Updated: 12 hours ago


Youth, Angst, and Subculture in Cry-Baby and The Breakfast Club


Teen rebellion has always been a source of fascination in cinema, reflecting the tensions of adolescence and the social structures that shape it. Two films from the 1980s and early 1990s - John Hughes’ The Breakfast Club (1985) and John Waters’ Cry-Baby (1990) - offer strikingly different perspectives on subculture and angst. While The Breakfast Club seeks authenticity through realism and stereotype-driven drama, Cry-Baby revels in parody, camp, and exaggerated stylisation. Together, they reveal the multiple ways youth identity, rebellion, and belonging are constructed and performed on screen.


Cry-Baby movie poster
Cry-Baby movie poster

Parody and Performance: Subculture in Cry-Baby


John Waters’ Cry-Baby is an over-the-top homage to 1950s teen melodrama, parodying the cultural panic around juvenile delinquency. The Drapes, led by Cry-Baby (Johnny Depp), embody the aesthetics of resistance: slicked-back hair, leather jackets, motorcycles, and a soundtrack of rebellious rock ‘n’ roll. They stand in contrast to the Squares, the socially respectable middle-class teens. This division is less about actual conflict than about style as symbolic resistance, as theorist Dick Hebdige argued in Subculture: The Meaning of Style (1979).


One key scene - the Drapes’ chaotic dance-off against the Squares - illustrates subculture as performance. Clothing, dance, and music function as “subcultural capital” (Sarah Thornton, 1995), granting recognition within their in-group rather than threatening mainstream culture. The rebellion here is less existential than theatrical, parodying how the media of the 1950s demonised youth culture.


At the same time, the film nods to sociological theories of delinquency.
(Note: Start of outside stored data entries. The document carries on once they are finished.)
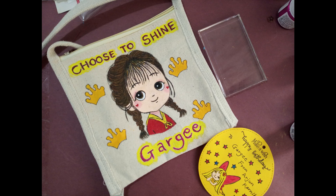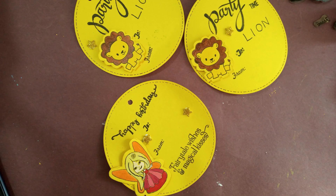Hope she will like the gift. I hope you liked my video. Thank you.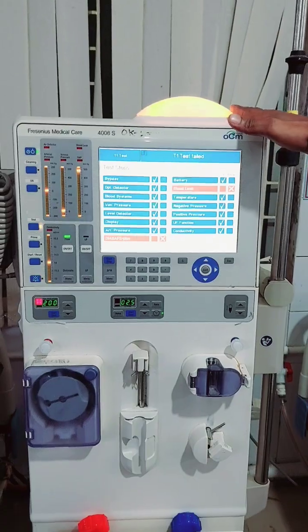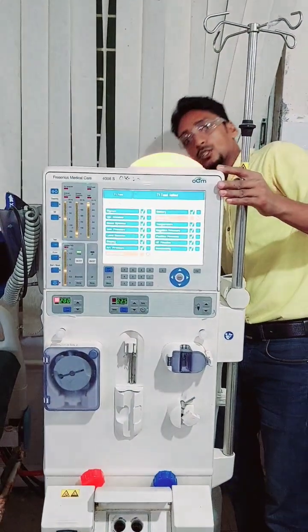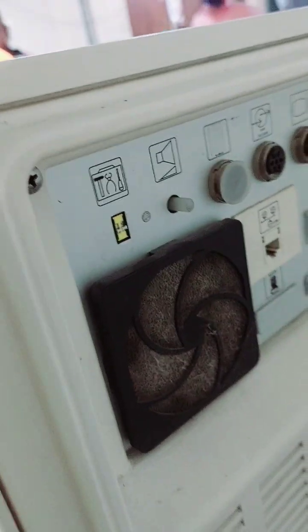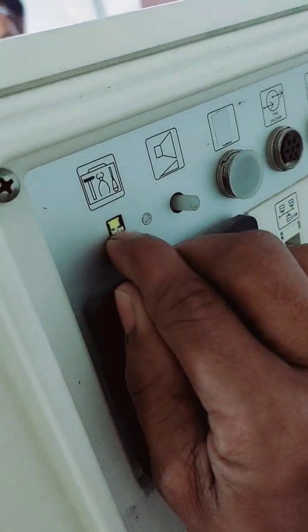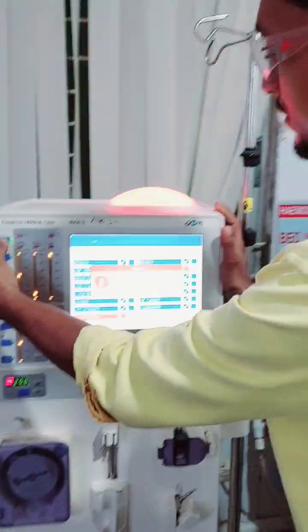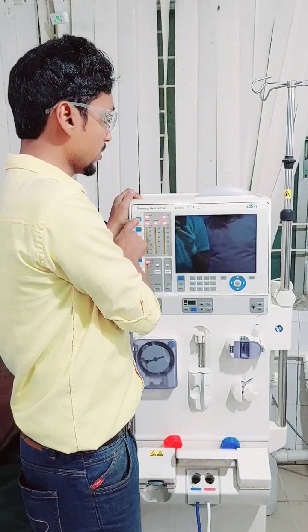First, I turn on the heater relay. The machine turns off — the light — and then turns on.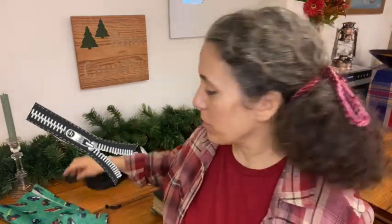Hello friends, Heidi here from Rain Country. I'm here today to talk about how to put zipper heads onto zippers.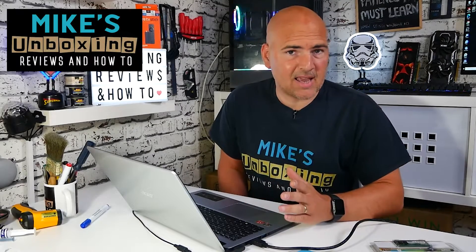Hi, this is Mike from Mike's Unboxing Reviews and How To. Today in the video we're going to be showing you how to do a BIOS update on the Acer A515-43.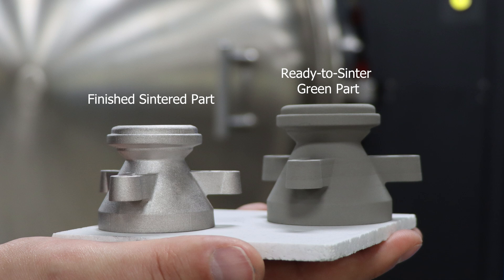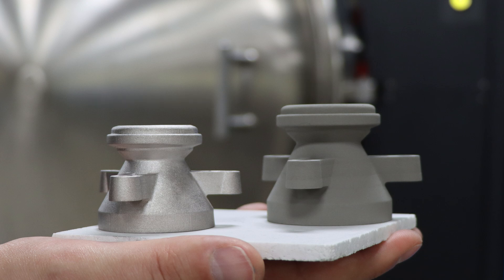Once the part is depowdered, it is ready for sintering. An important consideration in metal binder jet design is sinter shrinkage. As can be seen, the ready-to-sinter green part is roughly 20% larger than a sintered part. This size change is similar to what's seen in metal injection molding.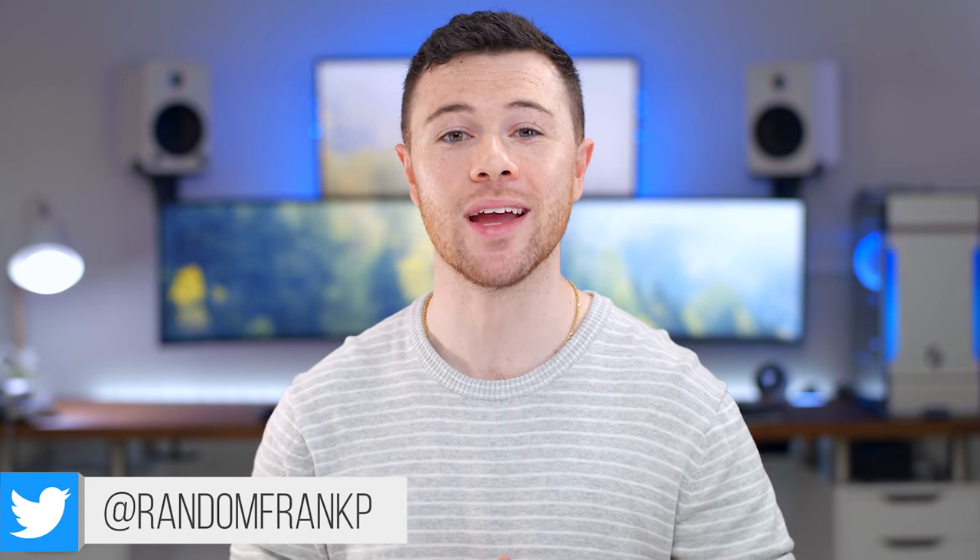What's up guys, I'm RandomFrankP back with another episode of Cool Tech Under $50 for February — the series where we show off some of the best tech you can find under that price. And ladies, Valentine's Day is coming up, maybe some gift ideas for your mans? If you see anything you like, I'll have it all listed in the description down below. By popular demand, we'll be bringing back the giveaway — comment down below what you think the coolest tech here is, give the video a thumbs up, and I'll pick five people next month.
Albert Cohen’s (1955) subcultural theory suggested that working-class youth form alternative status systems when mainstream success is denied. Cry-Baby’s exaggerated posturing - his jailhouse song, his symbolic “bad boy” tears - mocks yet also re-enacts this process. John Waters makes clear that rebellion itself is a performance, a carefully styled spectacle that both celebrates and satirises youth subcultures.


The Breakfast Club movie poster
The Breakfast Club movie poster

Authenticity and Angst: The Breakfast Club


Where Waters embraces parody, John Hughes pursues sincerity. The Breakfast Club strips rebellion of stylisation, confining five archetypal students - the Athlete, the Brain, the Basket Case, the Princess, and the Criminal - into the grey space of Saturday detention. At first, they embody their stereotypes: Andrew the jock defends his honour, Claire the Princess clings to social superiority, and John Bender the “delinquent” pushes boundaries by removing a screw from the library door. The act seems trivial, but symbolises his refusal to accept institutional control; as the teacher rages, it becomes clear that it’s possible the teacher is the one with a screw loose.
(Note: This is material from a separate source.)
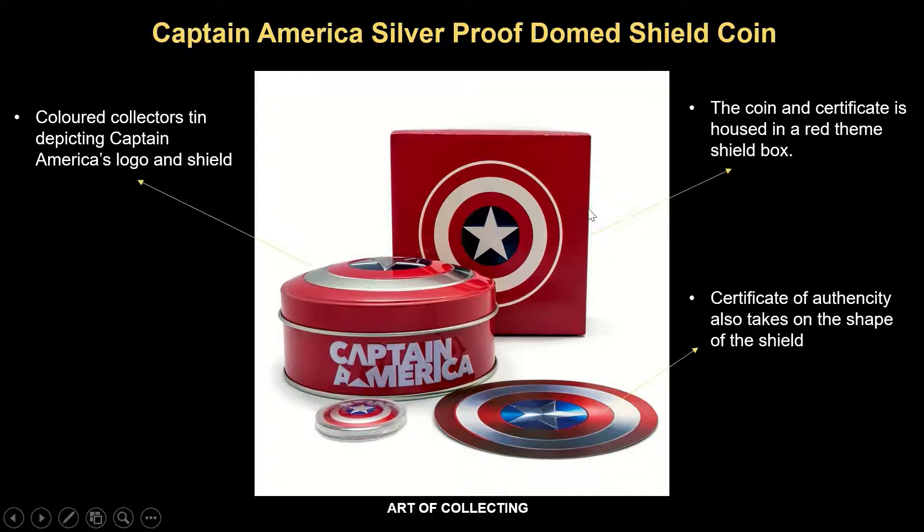There's only a limited mintage of just 10,000 pieces worldwide for this coin, retailing at just 75 Singapore dollars. This is an extremely buy-worthy piece of Marvel collectible that Marvel and Captain America fans around the world would definitely love.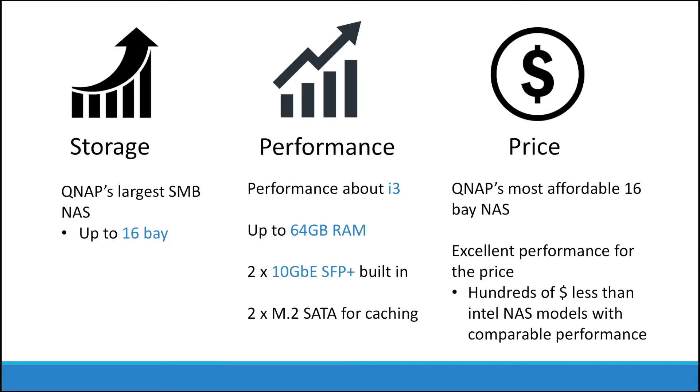Now let's do a quick recap on this NAS. It has large storage, a performance level of around Core i3, and is the most affordable 16-bay NAS. So you can save your money by buying this NAS now.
The film’s realism lies in dialogue and confession. Bender’s mimicry of his abusive father - complete with imaginary slaps and a cigar burn - shatters his sarcastic mask. At lunch, the contrast between Claire’s sushi, Andrew’s mountain of sandwiches, and Bender’s lack of food foregrounds family life as the root of identity. As Hughes shows, rebellion is not an abstract cultural pose but a response to domestic pressures. Each character fears becoming their parents: Andrew fears repeating his father’s controlling masculinity, Brian nearly commits suicide under the weight of academic pressure, and Allison fears invisibility. “When you grow up, your heart dies,” Allison declares, summarising their existential dread.
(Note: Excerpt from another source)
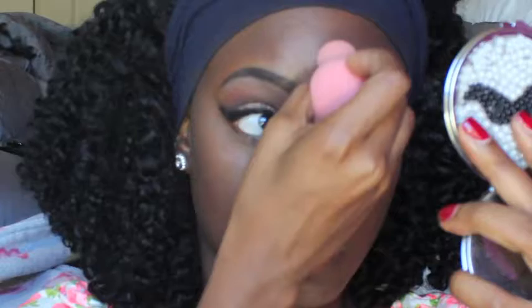I took my MSF in Dark to set the concealer, and then went in with my MSF in Deep Dark, which is my regular face powder.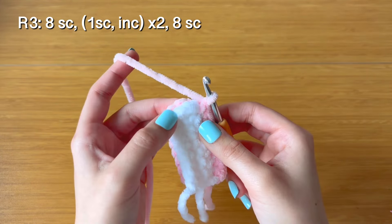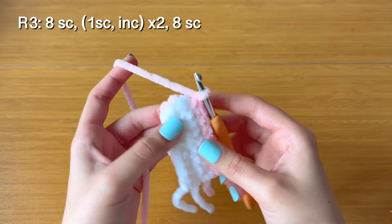For the next two stitches, make increases. Push your hook through the next stitches on both the white and pink piece, make one single crochet, then make another single crochet through those same stitches — that's two single crochet through the same stitches. Do the same for the next stitch. Now for the remaining eight stitches, just make one single crochet going through both pieces.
Unlike Waters’ parody, Hughes suggests that rebellion, however small, emerges from genuine attempts to negotiate identity, responsibility, and freedom.


Comparison: Camp vs Realism


Cry-Baby and The Breakfast Club represent two ends of the spectrum in cinematic portrayals of youth. Waters’ film thrives in camp excess, parodying rebellion as style, while Hughes pursues authenticity through dialogue and emotional revelation. Both, however, explore the tension between individual identity and social expectation.


The differences are striking in their cultural reception. Cry-Baby never escaped its cult subculture status, appealing to niche audiences attuned to Waters’ sensibility. The Breakfast Club, by contrast, became a mainstream generational touchstone, resonating with audiences who recognised themselves in its stereotypes. The contrast reflects Gelder’s (2007) observation that some subcultures remain marginal while others translate into mass culture.


Ultimately, both films reveal that youth rebellion is always mediated: either through stylised parody or through the supposedly “realistic” lens of teen angst. In both cases, rebellion is performance, but its meaning depends on whether the audience sees it as camp spectacle or existential truth.